Physics experiments don’t just reuse their own equipment—they also often give second lives to non-scientific facilities and resources. Old mines, with their hollowed-out underground sites shielded from cosmic rays, have been the sites of countless physics experiments. The Homestake Mine in South Dakota houses several experiments, including the Majorana Demonstrator, LUX dark matter experiment, and the upcoming Deep Underground Neutrino Experiment. The Mozumi Mine in Japan has been home to many experiments, including the Super-Kamiokande, and a set of experiments (KamiokaNDE, KamLAND, and KamLAND-Zen) that have all re-used the same neutrino detector. 

Other resources have found new life in physics experiments: the Sudbury Neutrino Observatory in Canada, for example, once borrowed 1000 tons of heavy water from Canadian nuclear reactors to use in a neutrino detector. 

And the CDF experiment, which studied high energy proton-antiproton collisions at Fermilab’s Tevatron collider, was partially constructed using steel from decommissioned battleships. That experiment ultimately paid it forward by disassembling and sharing a long list of experimental equipment after it was shut down in 2011. Lewis can cite where everything went: phototubes to India, electronics to Italy, computer servers to South Korea. Here in the United States, Brookhaven National Laboratory and Jefferson Lab got hundreds of phototubes for nuclear physics experiments, and 1000 tons of the old battleship steel will be used as shielding for the Long-Baseline Neutrino Facility target.

The 800 square feet of scintillator was sent to QuarkNet, an educational program, to be used as cosmic ray detectors for high schools. 

“All that’s left is the magnet and a few detector pieces that are on display,” he says. “And a legacy of over 700 papers and lots of memories. In fact, people are still doing analysis on the data.”

Revisiting old data anew

Data can be analyzed and looked at anew for years to come. 

That’s the case for DZero, the other experiment on the Tevatron at Fermilab that ran from 1992 to 2011. In its heyday, the experiment revealed particles like the top quark. Though it shut down soon after the start of the Large Hadron Collider, scientists have data from about 10 billion events that still have a story to tell. Dozens of papers from that data have been published in the last six years.
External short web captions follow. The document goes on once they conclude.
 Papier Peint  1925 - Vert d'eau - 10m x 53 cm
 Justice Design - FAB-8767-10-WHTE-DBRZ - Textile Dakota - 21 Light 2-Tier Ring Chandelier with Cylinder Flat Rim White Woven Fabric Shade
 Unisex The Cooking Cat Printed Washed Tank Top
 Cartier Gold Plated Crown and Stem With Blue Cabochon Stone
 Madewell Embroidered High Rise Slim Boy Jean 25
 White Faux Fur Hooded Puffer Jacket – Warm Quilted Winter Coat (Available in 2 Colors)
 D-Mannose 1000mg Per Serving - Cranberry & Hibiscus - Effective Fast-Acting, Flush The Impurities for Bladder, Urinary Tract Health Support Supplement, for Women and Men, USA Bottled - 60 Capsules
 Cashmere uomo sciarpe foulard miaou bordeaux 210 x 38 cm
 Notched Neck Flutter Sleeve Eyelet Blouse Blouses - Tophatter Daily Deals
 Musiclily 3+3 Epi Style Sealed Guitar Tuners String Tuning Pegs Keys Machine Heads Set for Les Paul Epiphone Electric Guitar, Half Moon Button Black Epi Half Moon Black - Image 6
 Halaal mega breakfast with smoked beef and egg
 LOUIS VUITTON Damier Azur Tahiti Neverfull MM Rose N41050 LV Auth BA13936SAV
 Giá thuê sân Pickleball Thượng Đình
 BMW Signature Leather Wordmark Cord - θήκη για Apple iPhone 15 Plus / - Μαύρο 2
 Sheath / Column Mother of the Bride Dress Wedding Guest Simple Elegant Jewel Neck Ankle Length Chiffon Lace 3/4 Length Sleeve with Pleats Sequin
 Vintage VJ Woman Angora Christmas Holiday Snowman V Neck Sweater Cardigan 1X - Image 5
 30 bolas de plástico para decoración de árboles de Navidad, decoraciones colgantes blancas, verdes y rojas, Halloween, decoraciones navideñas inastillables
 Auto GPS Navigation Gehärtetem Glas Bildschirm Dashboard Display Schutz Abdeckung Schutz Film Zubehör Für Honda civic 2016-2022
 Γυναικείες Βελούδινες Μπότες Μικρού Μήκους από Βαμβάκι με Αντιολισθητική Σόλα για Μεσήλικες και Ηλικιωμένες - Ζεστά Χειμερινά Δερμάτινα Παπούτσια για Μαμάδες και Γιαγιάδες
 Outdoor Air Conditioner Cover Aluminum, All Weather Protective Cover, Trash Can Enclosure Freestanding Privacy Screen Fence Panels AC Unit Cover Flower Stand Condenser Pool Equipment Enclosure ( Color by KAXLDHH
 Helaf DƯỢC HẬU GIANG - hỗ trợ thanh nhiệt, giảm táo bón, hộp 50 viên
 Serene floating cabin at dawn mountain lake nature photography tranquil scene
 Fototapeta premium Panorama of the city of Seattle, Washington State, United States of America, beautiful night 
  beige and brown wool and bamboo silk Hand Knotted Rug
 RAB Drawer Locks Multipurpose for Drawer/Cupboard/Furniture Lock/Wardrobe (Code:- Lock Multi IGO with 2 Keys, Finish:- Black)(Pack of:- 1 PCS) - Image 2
“They are probably not Nobel Prize-winning measurements, but they are very important for understanding specific areas in particle physics,” says Dmitri Denisov, a distinguished scientist at Fermilab and spokesperson for the DZero experiment. For example, the data has been important in searching for exotic particles, a field that did not become popular until after the Tevatron shut down. 

From experiment to education

Perhaps one of the most inspirational ways for experiments to live second lives is as educational displays. The DZero experiment was left mostly intact, and now thousands of visitors per year can stand right next to a four-story particle detector Fermilab scientists used to discover the top quark. 

Denisov sometimes leads tours of high school students through the control room, where computer screens still look as though they are taking data. “You can see how excited the students are,” he says. “It shows them the joy of complex particle physics experiments. That’s probably the best second life that none of us expected.”